Diller Scofidio + Renfro (DS+R) is an interdisciplinary design studio based in New York. The studio has been distinguished with the first MacArthur Foundation fellowship awarded in the field of architecture and TIME’s “100 Most Influential People” list. The studio is responsible for two of the largest recent architecture and planning initiatives in New York City: the High Line and the transformation of Lincoln Center’s half-century-old performing arts campus.

The studio is currently engaged in two significant cultural projects, scheduled to open in 2019: The Shed, a cultural space that physically transforms to support artists’ most ambitious ideas; and the renovation and expansion of The Museum of Modern Art (MoMA). In addition to designing the V&A Collection and Research Centre, DS+R’s current projects in London include the London Centre for Music, a permanent home for the London Symphony Orchestra and a network of parks and riverside spaces spanning 5km in Greenwich Peninsula.

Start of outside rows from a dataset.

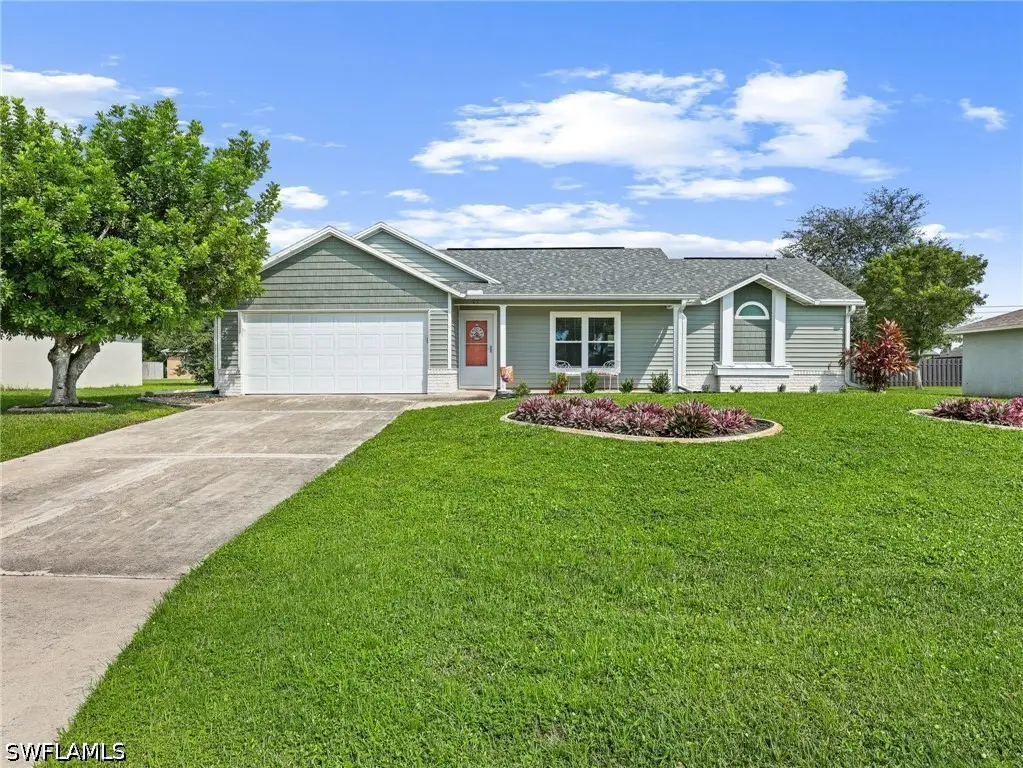 27 NE 9th Place, Cape Coral, FL 33909 - #1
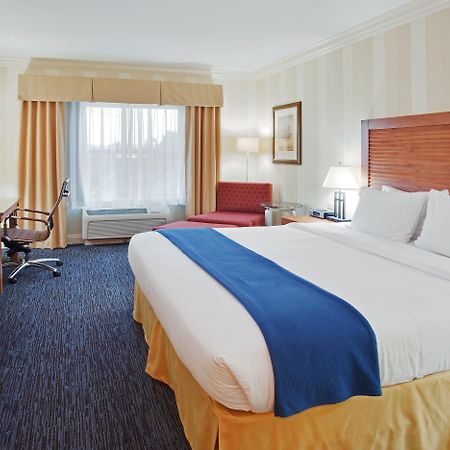 Holiday Inn Express Hotel & Suites Santa Cruz By Ihg Ngoại thất bức ảnh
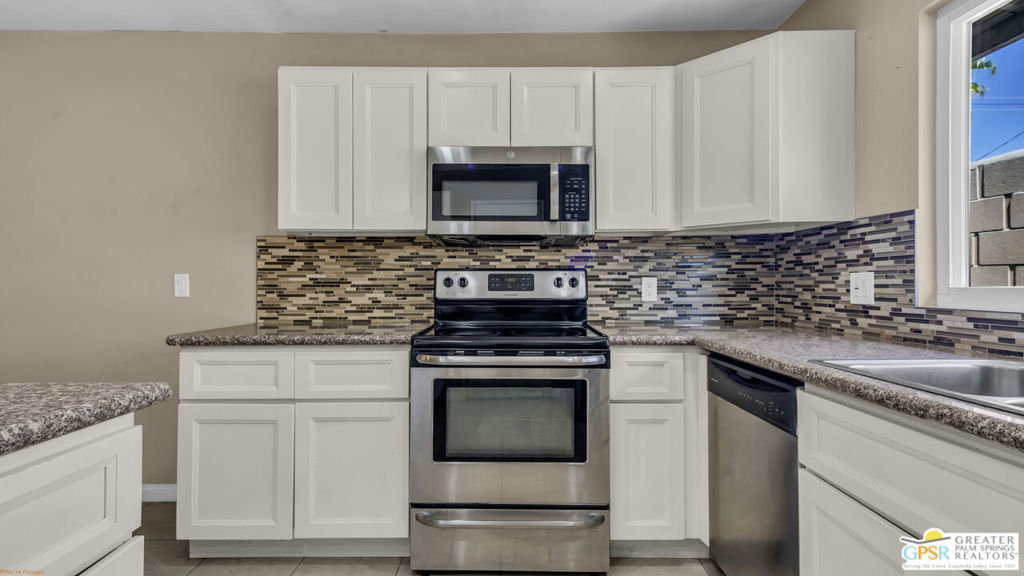 53385 Eisenhower Drive Property Photo 11
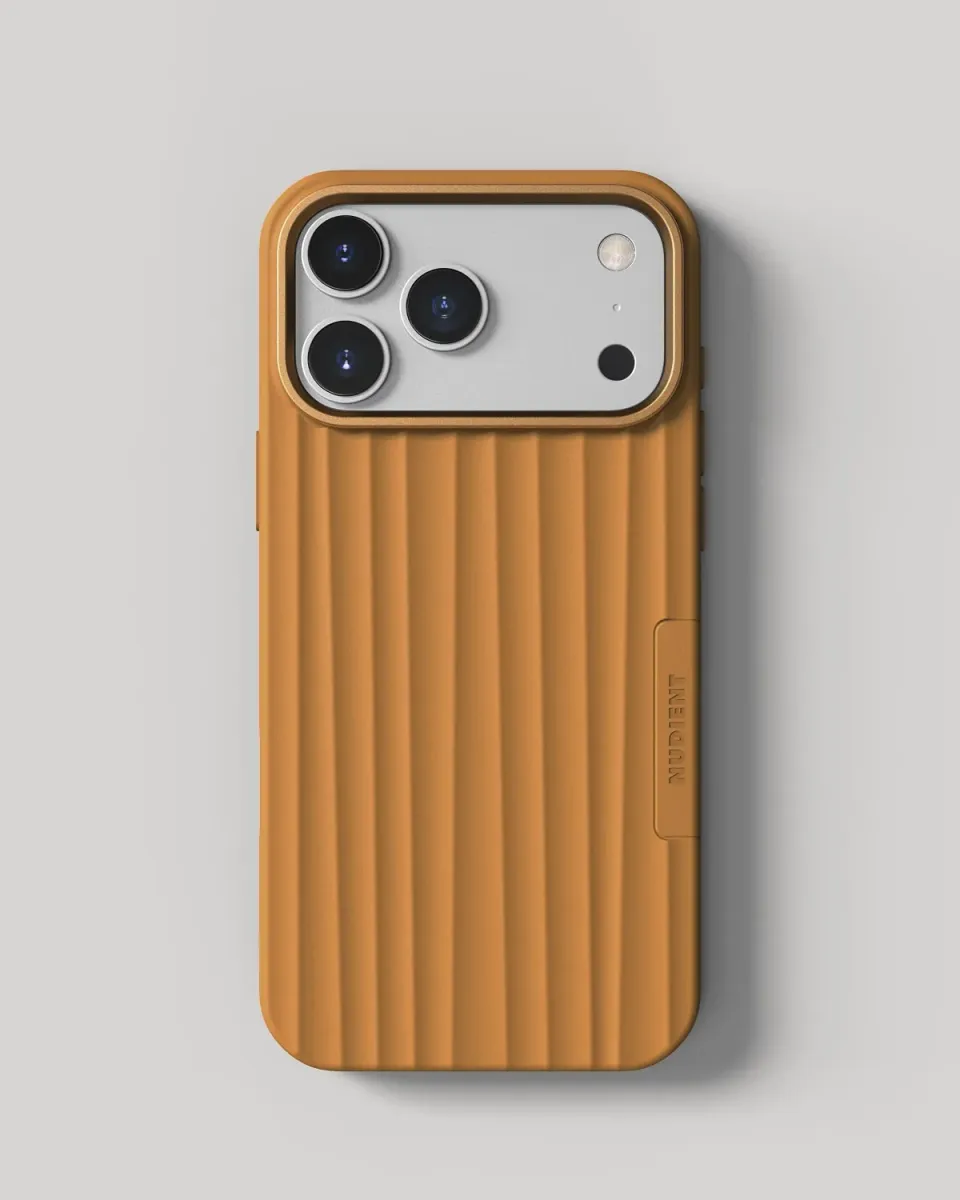 Nudient Bold Case cover iPhone 17 Pro Max Amber Yellow MagSafe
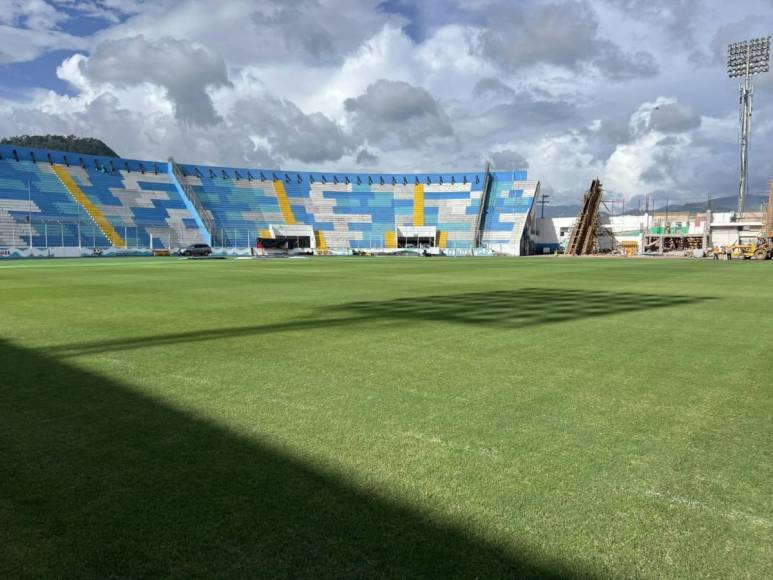 Estadio Nacional Chelato Uclés sigue recibiendo mejoras y así luce su nueva gradería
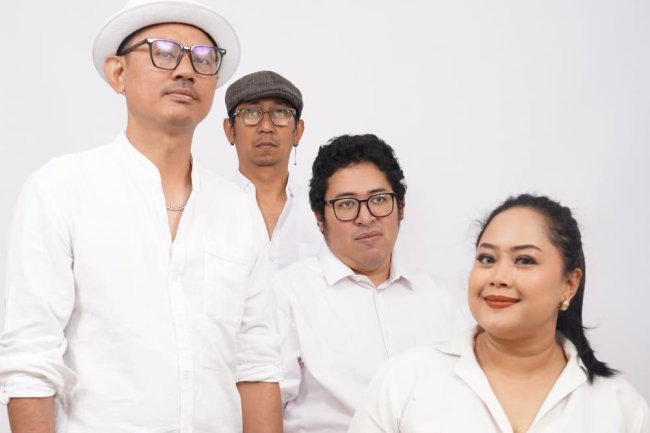 Dari Panggung ke Studio, USIX Band Tuangkan Emosi Lewat “Hati yang Terbuka"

Austin-Smith:Lord is a leading multi-disciplinary design practice, with decades of experience and an impressive track record in successfully delivering high quality projects throughout the UK. The practice has a longstanding passion for arts and culture which is reflected in a distinguished list of completed projects. This portfolio includes internationally renowned museums, galleries and cultural archives providing some of the practice’s most rewarding experiences and signature projects.

Operating as a ‘creative collective’ from studios in London, Bristol, Cardiff, Glasgow and Liverpool, Austin-Smith:Lord delivers the highest degree of creative thought in architecture, landscape, conservation and urban design. There is an art to being practical. Current and recent art and culture projects include Shakespeare North near Liverpool, the Great Pagoda at Kew Gardens, G-Live Civic Concert Hall in Guildford, the People’s History Museum and John Rylands Library and Archive in Manchester, Liverpool Central Library and Archive, the Bluecoat and FACT in Liverpool, Shrewsbury Museum, Leeds Museum and Discovery Centre and Birmingham Royal Ballet.

O’Donnell + Tuomey is a studio-based practice, with offices in Dublin, Cork and London. Committed to the craft and culture of architecture, they have been involved with urban design, cultural, social and educational projects at home and abroad. The practice has an international reputation for its engagement with complex urban situations and sensitive landscapes. They have completed schools and university buildings, theatres and cinemas, community centres and social housing, art galleries and libraries in Ireland, the UK and on the European mainland. Winners of more than 120 awards, recent buildings include the Glucksman Gallery Cork, Timberyard Housing Dublin, Irish Language Centre Derry, Sean O’Casey Community Centre Dublin, Lyric Theatre Belfast, Photographers’ Gallery London, LSE Student Centre and the Central European University Budapest. They have exhibited six times at the Venice Architecture Biennale, with installations which advance their research into the useful beauty and poetic purpose of architecture, exploring areas of overlap with other art forms.